Photodiodes light-sensitive semiconductors have long been used in high-energy physics to read out signals from scintillating fibres and light-emitting crystals in calorimeters, because large magnetic fields or space may prevent the use of vacuum devices. One example is a simple pin photodiode with a layer of intrinsic semiconductor sandwiched between the p and n layers.
An advance on this basic configuration is the avalanche photodiode (APD). The applied bias voltage produces a region with a large field (150 kV/cm or more) in which to generate an avalanche of secondary carriers and thereby amplify the signal. This gain depends on both the applied field and the temperature. This technique has the additional advantage of fully amplifying the signal generated by the scintillation light absorbed at the surface, while signals generated within the diode by traversing ionizing particles are not amplified. A further refinement of the avalanche device is a “reverse” structure, first developed at the beginning of the 1990s, in which a thick avalanche region is located behind a thinner photoconversion layer (in contrast with a standard avalanche device in which the photoconversion layer is thicker).

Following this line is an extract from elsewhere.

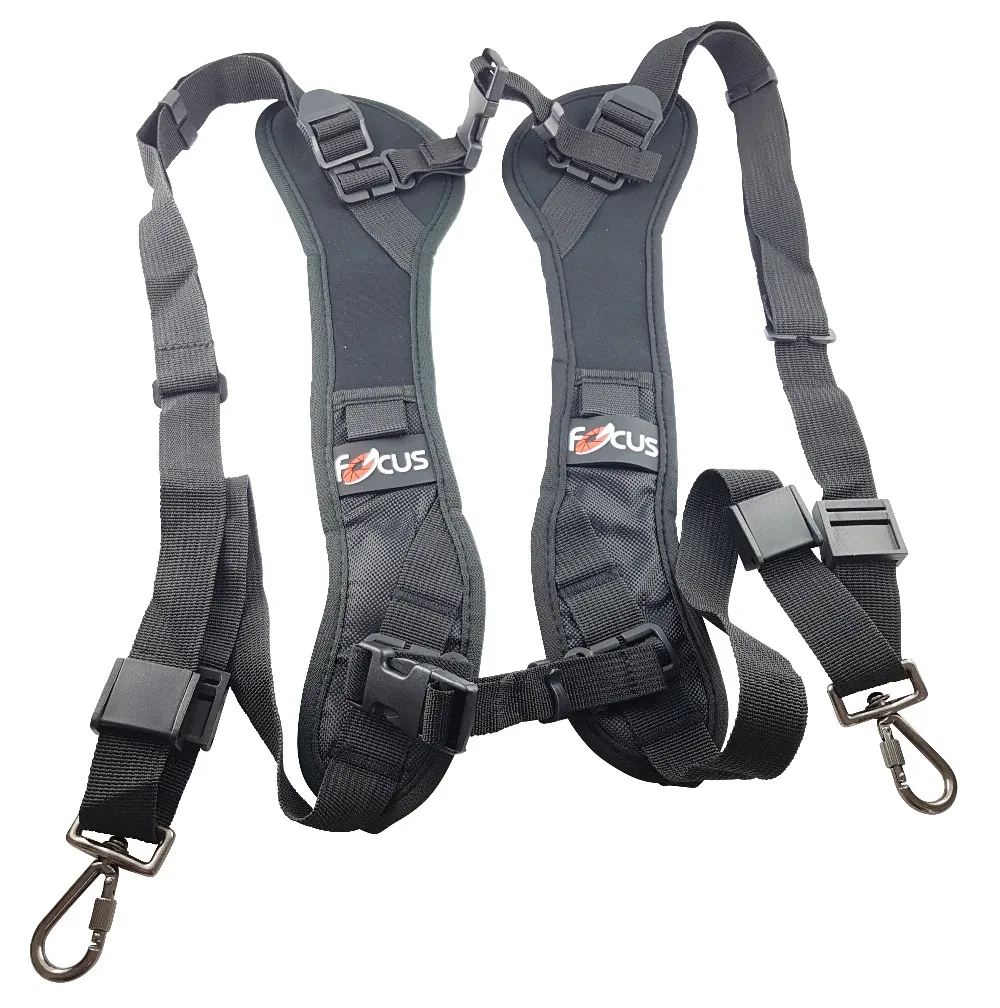 Ремень для камеры Focus черный ремень DSLR с двойным фокусом быстрая фиксация шеи и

The scintillating crystals, which are used for recording electromagnetic energy, are one of the big spin-off success stories of particle physics. For big detectors, such as CMS at CERN’s LHC, lead tungstate facilitates a compact calorimeter design and produces short, fast signals. However, because lead tungstate has a low light yield, the APD read-out’s combination of amplification of the light signal and insensitivity to ionizing particles is crucial.
Developing APDs that were able to withstand the high particle intensities of the CMS environment required further research and development with two different specialist suppliers. Using more than 30 different APD prototypes, substantial progress was made and beam tests, using lead tungstate crystals, achieved the design energy resolution of better than 0.5%. The next task was to decide on the relative merits of manufacture, either via epitaxial growth or by diffusion. Last year, CMS chose the epitaxy route, and, after further development work, a contract with Hamamatsu for the supply of 130 000 APDs was signed in Japan by PSI (with ETHZ, Northeastern University and the universities of Minnesota and Split as contributing partners).
Meanwhile a full-scale CMS electromagnetic calorimeter module, with a 400 lead tungstate crystal read-out via 800 APDs, is being constructed at CERN.